Both spend an entire summer helping each other overcome personal challenges. Their dedication and love for basketball transcended the playground and extended into their dysfunctional households, where both boys took on father-figure roles.

Jacob has no choice but to play in an underground league, constantly fighting to keep his cousin Damon out of debt and possible death.
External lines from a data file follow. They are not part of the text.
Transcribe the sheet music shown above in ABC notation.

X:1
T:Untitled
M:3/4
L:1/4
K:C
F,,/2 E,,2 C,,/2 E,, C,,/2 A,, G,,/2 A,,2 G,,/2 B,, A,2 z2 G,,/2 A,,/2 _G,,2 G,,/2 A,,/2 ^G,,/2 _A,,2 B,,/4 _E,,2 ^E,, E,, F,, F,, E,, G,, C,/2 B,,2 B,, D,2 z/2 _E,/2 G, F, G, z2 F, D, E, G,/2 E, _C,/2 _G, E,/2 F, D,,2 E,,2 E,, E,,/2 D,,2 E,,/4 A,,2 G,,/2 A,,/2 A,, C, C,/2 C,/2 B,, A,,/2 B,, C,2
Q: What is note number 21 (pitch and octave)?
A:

John’s overpowering guilt and family trauma erupt into a state of confusion with each spiritual intervention by Terry Gibson, a neighborhood boy killed in a drunk-driving crash.
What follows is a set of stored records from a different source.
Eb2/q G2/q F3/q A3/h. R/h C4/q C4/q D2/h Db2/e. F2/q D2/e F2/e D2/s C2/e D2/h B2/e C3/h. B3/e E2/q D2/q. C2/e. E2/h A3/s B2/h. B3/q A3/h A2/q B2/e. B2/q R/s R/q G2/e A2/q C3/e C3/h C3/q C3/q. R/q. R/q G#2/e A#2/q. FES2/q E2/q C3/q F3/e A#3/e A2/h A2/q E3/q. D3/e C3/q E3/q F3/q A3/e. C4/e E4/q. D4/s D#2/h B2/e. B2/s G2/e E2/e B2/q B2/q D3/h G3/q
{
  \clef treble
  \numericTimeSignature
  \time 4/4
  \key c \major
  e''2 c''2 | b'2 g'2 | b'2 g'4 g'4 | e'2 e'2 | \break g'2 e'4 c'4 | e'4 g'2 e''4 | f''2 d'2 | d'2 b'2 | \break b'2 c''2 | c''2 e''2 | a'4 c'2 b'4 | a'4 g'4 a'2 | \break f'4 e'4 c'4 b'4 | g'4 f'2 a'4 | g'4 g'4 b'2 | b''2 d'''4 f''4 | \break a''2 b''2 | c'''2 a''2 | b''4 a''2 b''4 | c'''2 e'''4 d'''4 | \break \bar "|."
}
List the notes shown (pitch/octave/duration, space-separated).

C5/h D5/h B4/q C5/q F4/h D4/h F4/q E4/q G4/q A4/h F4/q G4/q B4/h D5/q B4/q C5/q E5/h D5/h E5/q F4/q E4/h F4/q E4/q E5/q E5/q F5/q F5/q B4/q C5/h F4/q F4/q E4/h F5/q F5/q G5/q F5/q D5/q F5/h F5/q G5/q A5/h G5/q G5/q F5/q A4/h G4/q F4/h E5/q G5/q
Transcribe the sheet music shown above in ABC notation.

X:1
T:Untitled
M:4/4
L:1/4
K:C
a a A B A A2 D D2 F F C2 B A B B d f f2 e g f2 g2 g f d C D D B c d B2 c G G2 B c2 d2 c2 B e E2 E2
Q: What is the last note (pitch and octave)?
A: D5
Together, the two convey hope with their innocence, concerns, and faith in the unknown.

==Cast==
- Jimmy McKinney ... Jacob Whitmore
- Matt Krentz ... John Hogan
- Adrieanne Perez ... Sarah
- Eric Fletcher ... Terry Gibson
- Craig Thomas ... Damon
- Patrick Rooney ... Michael
- Justin Tatum ... Dante
- Caitlin Howley ... Caiti
- MaryBeth Scherr ... Kat
- Jordan Ward ... Ty
- Peggy Neely-Harris ... Auntie Rose
- Brian Lane ... Stepdad
- Craig Hawksley ... Mr. Henry
- Ryan Johnson ... Rufus
- Tracy Taylor ... UFC Fighter / Dante's Muscle
- Earl 'Easy' Leonard ... Dante's Muscle
- Mike Rodgers ... UFC Fighter
- James 'Slim' Cunningham ... Skinny Rick
- John Griffin ... Helicopter
- John Oden ... Big T
- Brandon Whitemore ... B
- Eric ... RW aka 'Re-Wind'

==Reception==
Although the film opened in only two theaters, its per-screen opening weekend viewership was high. At more than $5700 per screen, it outstripped better-known films with nationwide showing such as Harry Potter and G.I. Joe to rank ninth in the country in per-screen viewership.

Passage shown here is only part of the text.